> **What is needed**
When you reach a picture, pass over it; otherwise repeat the listing word for word.

> **Recorded information**

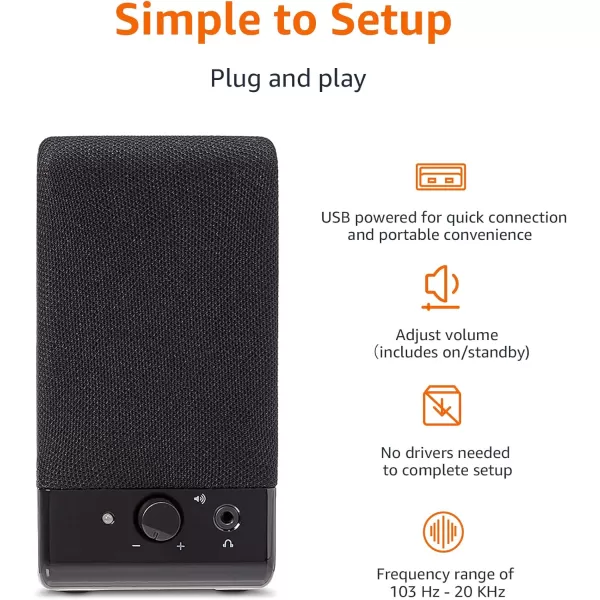 Amazon Basics Computer Speakers for Desktop or Laptop PC  USBPowered BlackUSB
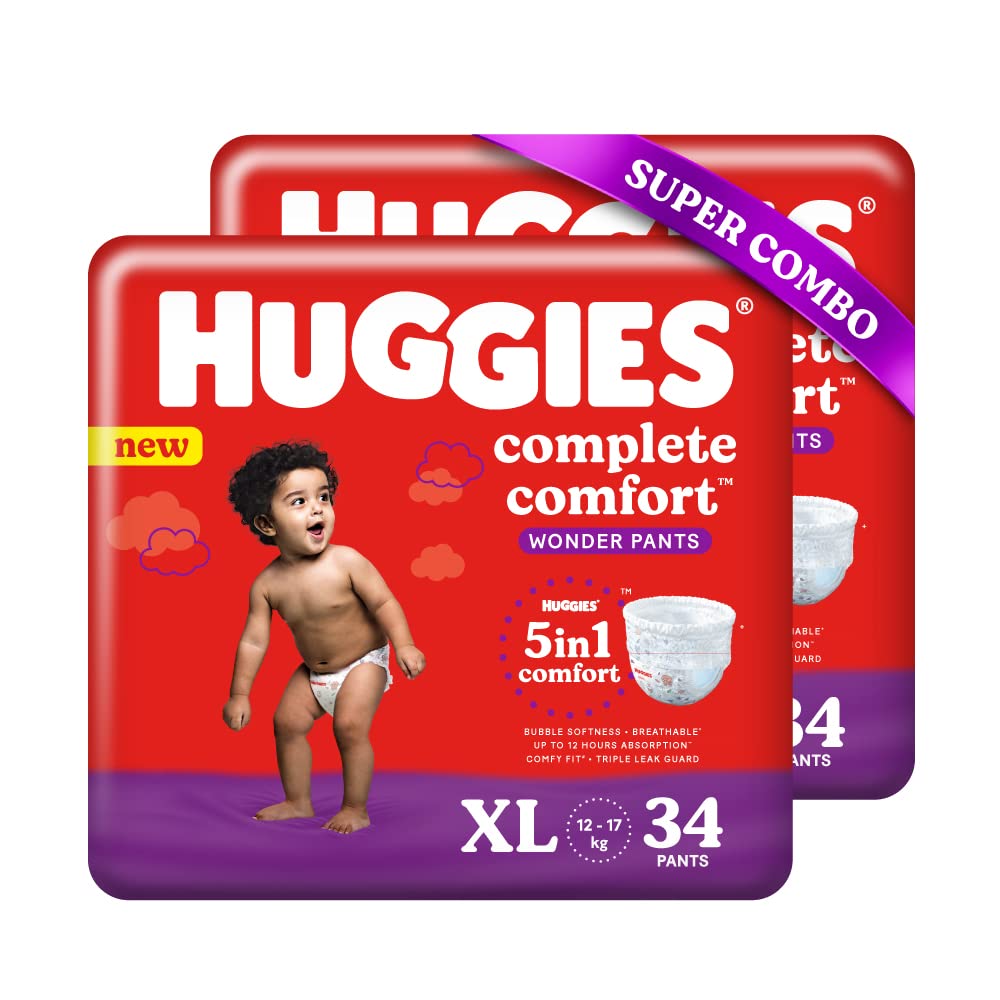 Huggies XL 34*2=68pcs Complete Comfort Wonder Pants,12-17kgs Extra Large (XL) Size Baby Diaper Pants, Combo Pack of 2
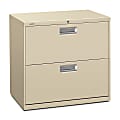 HON® 600 20"D Lateral 2-Drawer File Cabinet With Lock, Putty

> **Solution**
 Amazon Basics Computer Speakers for Desktop or Laptop PC  USBPowered BlackUSB
 Huggies XL 34*2=68pcs Complete Comfort Wonder Pants,12-17kgs Extra Large (XL) Size Baby Diaper Pants, Combo Pack of 2
 HON® 600 20"D Lateral 2-Drawer File Cabinet With Lock, Putty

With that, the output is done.